──────── Recorded data

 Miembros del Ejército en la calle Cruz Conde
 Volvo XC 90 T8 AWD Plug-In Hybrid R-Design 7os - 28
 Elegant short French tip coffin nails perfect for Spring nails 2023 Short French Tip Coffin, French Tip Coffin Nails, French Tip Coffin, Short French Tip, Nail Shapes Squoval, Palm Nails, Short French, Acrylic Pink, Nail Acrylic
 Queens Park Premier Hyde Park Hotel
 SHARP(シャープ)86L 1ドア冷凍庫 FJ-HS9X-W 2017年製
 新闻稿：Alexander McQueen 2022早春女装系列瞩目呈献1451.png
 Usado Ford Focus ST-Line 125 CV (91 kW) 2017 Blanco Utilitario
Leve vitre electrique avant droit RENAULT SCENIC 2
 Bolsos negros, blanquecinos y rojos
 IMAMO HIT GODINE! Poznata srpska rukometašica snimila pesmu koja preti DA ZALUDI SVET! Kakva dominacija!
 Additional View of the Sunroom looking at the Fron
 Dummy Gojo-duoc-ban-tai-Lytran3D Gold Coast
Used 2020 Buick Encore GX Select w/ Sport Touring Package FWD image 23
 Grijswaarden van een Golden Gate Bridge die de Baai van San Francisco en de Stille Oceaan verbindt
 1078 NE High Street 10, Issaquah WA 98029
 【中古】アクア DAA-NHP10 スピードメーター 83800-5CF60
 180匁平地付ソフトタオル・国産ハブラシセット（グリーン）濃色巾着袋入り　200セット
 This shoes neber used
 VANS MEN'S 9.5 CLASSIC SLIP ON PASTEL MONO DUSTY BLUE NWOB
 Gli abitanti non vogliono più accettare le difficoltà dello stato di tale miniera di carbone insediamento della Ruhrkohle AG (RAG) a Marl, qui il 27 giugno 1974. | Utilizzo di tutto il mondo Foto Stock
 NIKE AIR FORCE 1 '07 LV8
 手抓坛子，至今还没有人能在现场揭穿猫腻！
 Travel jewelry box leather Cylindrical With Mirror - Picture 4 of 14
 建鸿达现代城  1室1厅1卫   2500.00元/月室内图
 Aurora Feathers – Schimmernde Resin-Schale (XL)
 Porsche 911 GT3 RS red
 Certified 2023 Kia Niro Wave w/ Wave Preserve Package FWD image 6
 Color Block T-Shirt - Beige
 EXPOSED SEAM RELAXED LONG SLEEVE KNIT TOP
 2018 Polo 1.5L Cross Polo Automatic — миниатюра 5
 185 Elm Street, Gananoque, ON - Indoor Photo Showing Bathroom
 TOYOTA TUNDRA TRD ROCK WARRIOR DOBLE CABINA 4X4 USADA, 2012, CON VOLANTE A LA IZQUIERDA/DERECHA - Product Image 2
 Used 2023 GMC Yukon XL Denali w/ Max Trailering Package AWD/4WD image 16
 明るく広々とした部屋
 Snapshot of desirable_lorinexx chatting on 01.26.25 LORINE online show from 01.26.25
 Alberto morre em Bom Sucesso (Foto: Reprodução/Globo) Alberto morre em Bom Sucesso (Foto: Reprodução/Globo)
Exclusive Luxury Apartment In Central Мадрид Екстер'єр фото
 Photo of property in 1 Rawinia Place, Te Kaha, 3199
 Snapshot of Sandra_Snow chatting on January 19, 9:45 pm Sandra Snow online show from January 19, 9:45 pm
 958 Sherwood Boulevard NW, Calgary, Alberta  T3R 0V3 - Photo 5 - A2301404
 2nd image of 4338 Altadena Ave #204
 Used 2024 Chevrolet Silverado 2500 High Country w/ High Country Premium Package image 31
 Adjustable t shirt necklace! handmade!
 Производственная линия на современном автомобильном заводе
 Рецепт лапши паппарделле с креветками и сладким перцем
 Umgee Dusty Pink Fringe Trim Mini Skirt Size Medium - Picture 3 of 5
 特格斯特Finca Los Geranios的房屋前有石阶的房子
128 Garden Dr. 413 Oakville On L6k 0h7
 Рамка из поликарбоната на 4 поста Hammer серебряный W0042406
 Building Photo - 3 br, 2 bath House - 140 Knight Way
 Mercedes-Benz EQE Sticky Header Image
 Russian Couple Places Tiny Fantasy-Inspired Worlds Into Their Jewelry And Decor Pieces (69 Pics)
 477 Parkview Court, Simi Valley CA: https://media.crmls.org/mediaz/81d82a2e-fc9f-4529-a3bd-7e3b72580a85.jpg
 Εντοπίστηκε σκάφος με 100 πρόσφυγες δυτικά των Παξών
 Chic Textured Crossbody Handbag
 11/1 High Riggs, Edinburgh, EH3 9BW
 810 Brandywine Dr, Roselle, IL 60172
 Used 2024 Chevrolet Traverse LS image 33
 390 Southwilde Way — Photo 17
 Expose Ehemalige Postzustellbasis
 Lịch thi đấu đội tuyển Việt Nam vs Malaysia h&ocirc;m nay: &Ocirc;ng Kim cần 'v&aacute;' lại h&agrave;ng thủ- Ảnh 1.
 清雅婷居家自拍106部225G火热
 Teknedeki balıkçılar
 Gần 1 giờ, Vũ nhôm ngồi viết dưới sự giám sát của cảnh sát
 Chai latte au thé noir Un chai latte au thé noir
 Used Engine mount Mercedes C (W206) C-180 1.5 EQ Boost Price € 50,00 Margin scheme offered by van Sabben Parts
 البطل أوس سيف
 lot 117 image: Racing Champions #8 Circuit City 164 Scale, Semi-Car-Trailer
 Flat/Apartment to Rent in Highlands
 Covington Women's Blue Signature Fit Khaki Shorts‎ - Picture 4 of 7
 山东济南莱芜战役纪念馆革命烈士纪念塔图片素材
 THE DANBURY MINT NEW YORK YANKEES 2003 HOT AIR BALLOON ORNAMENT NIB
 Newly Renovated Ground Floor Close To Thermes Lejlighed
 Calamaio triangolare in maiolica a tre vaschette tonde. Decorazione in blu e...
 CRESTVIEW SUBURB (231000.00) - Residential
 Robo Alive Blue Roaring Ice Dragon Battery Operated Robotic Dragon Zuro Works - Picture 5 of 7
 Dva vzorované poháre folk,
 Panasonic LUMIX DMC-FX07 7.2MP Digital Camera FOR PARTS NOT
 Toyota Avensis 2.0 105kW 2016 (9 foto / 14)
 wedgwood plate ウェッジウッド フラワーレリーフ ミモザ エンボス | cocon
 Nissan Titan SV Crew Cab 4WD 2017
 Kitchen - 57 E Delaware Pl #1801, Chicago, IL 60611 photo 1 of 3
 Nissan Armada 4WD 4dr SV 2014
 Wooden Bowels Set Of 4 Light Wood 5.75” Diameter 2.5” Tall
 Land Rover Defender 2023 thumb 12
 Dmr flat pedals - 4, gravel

────────────────

**Task instructions:**
Set all of the records down again, exactly as they stand.

**Response to the exercise:**
 Miembros del Ejército en la calle Cruz Conde
 Volvo XC 90 T8 AWD Plug-In Hybrid R-Design 7os - 28
 Elegant short French tip coffin nails perfect for Spring nails 2023 Short French Tip Coffin, French Tip Coffin Nails, French Tip Coffin, Short French Tip, Nail Shapes Squoval, Palm Nails, Short French, Acrylic Pink, Nail Acrylic
 Queens Park Premier Hyde Park Hotel
 SHARP(シャープ)86L 1ドア冷凍庫 FJ-HS9X-W 2017年製
 新闻稿：Alexander McQueen 2022早春女装系列瞩目呈献1451.png
 Usado Ford Focus ST-Line 125 CV (91 kW) 2017 Blanco Utilitario
Leve vitre electrique avant droit RENAULT SCENIC 2
 Bolsos negros, blanquecinos y rojos
 IMAMO HIT GODINE! Poznata srpska rukometašica snimila pesmu koja preti DA ZALUDI SVET! Kakva dominacija!
 Additional View of the Sunroom looking at the Fron
 Dummy Gojo-duoc-ban-tai-Lytran3D Gold Coast
Used 2020 Buick Encore GX Select w/ Sport Touring Package FWD image 23
 Grijswaarden van een Golden Gate Bridge die de Baai van San Francisco en de Stille Oceaan verbindt
 1078 NE High Street 10, Issaquah WA 98029
 【中古】アクア DAA-NHP10 スピードメーター 83800-5CF60
 180匁平地付ソフトタオル・国産ハブラシセット（グリーン）濃色巾着袋入り　200セット
 This shoes neber used
 VANS MEN'S 9.5 CLASSIC SLIP ON PASTEL MONO DUSTY BLUE NWOB
 Gli abitanti non vogliono più accettare le difficoltà dello stato di tale miniera di carbone insediamento della Ruhrkohle AG (RAG) a Marl, qui il 27 giugno 1974. | Utilizzo di tutto il mondo Foto Stock
 NIKE AIR FORCE 1 '07 LV8
 手抓坛子，至今还没有人能在现场揭穿猫腻！
 Travel jewelry box leather Cylindrical With Mirror - Picture 4 of 14
 建鸿达现代城  1室1厅1卫   2500.00元/月室内图
 Aurora Feathers – Schimmernde Resin-Schale (XL)
 Porsche 911 GT3 RS red
 Certified 2023 Kia Niro Wave w/ Wave Preserve Package FWD image 6
 Color Block T-Shirt - Beige
 EXPOSED SEAM RELAXED LONG SLEEVE KNIT TOP
 2018 Polo 1.5L Cross Polo Automatic — миниатюра 5
 185 Elm Street, Gananoque, ON - Indoor Photo Showing Bathroom
 TOYOTA TUNDRA TRD ROCK WARRIOR DOBLE CABINA 4X4 USADA, 2012, CON VOLANTE A LA IZQUIERDA/DERECHA - Product Image 2
 Used 2023 GMC Yukon XL Denali w/ Max Trailering Package AWD/4WD image 16
 明るく広々とした部屋
 Snapshot of desirable_lorinexx chatting on 01.26.25 LORINE online show from 01.26.25
 Alberto morre em Bom Sucesso (Foto: Reprodução/Globo) Alberto morre em Bom Sucesso (Foto: Reprodução/Globo)
Exclusive Luxury Apartment In Central Мадрид Екстер'єр фото
 Photo of property in 1 Rawinia Place, Te Kaha, 3199
 Snapshot of Sandra_Snow chatting on January 19, 9:45 pm Sandra Snow online show from January 19, 9:45 pm
 958 Sherwood Boulevard NW, Calgary, Alberta  T3R 0V3 - Photo 5 - A2301404
 2nd image of 4338 Altadena Ave #204
 Used 2024 Chevrolet Silverado 2500 High Country w/ High Country Premium Package image 31
 Adjustable t shirt necklace! handmade!
 Производственная линия на современном автомобильном заводе
 Рецепт лапши паппарделле с креветками и сладким перцем
 Umgee Dusty Pink Fringe Trim Mini Skirt Size Medium - Picture 3 of 5
 特格斯特Finca Los Geranios的房屋前有石阶的房子
128 Garden Dr. 413 Oakville On L6k 0h7
 Рамка из поликарбоната на 4 поста Hammer серебряный W0042406
 Building Photo - 3 br, 2 bath House - 140 Knight Way
 Mercedes-Benz EQE Sticky Header Image
 Russian Couple Places Tiny Fantasy-Inspired Worlds Into Their Jewelry And Decor Pieces (69 Pics)
 477 Parkview Court, Simi Valley CA: https://media.crmls.org/mediaz/81d82a2e-fc9f-4529-a3bd-7e3b72580a85.jpg
 Εντοπίστηκε σκάφος με 100 πρόσφυγες δυτικά των Παξών
 Chic Textured Crossbody Handbag
 11/1 High Riggs, Edinburgh, EH3 9BW
 810 Brandywine Dr, Roselle, IL 60172
 Used 2024 Chevrolet Traverse LS image 33
 390 Southwilde Way — Photo 17
 Expose Ehemalige Postzustellbasis
 Lịch thi đấu đội tuyển Việt Nam vs Malaysia h&ocirc;m nay: &Ocirc;ng Kim cần 'v&aacute;' lại h&agrave;ng thủ- Ảnh 1.
 清雅婷居家自拍106部225G火热
 Teknedeki balıkçılar
 Gần 1 giờ, Vũ nhôm ngồi viết dưới sự giám sát của cảnh sát
 Chai latte au thé noir Un chai latte au thé noir
 Used Engine mount Mercedes C (W206) C-180 1.5 EQ Boost Price € 50,00 Margin scheme offered by van Sabben Parts
 البطل أوس سيف
 lot 117 image: Racing Champions #8 Circuit City 164 Scale, Semi-Car-Trailer
 Flat/Apartment to Rent in Highlands
 Covington Women's Blue Signature Fit Khaki Shorts‎ - Picture 4 of 7
 山东济南莱芜战役纪念馆革命烈士纪念塔图片素材
 THE DANBURY MINT NEW YORK YANKEES 2003 HOT AIR BALLOON ORNAMENT NIB
 Newly Renovated Ground Floor Close To Thermes Lejlighed
 Calamaio triangolare in maiolica a tre vaschette tonde. Decorazione in blu e...
 CRESTVIEW SUBURB (231000.00) - Residential
 Robo Alive Blue Roaring Ice Dragon Battery Operated Robotic Dragon Zuro Works - Picture 5 of 7
 Dva vzorované poháre folk,
 Panasonic LUMIX DMC-FX07 7.2MP Digital Camera FOR PARTS NOT
 Toyota Avensis 2.0 105kW 2016 (9 foto / 14)
 wedgwood plate ウェッジウッド フラワーレリーフ ミモザ エンボス | cocon
 Nissan Titan SV Crew Cab 4WD 2017
 Kitchen - 57 E Delaware Pl #1801, Chicago, IL 60611 photo 1 of 3
 Nissan Armada 4WD 4dr SV 2014
 Wooden Bowels Set Of 4 Light Wood 5.75” Diameter 2.5” Tall
 Land Rover Defender 2023 thumb 12
 Dmr flat pedals - 4, gravel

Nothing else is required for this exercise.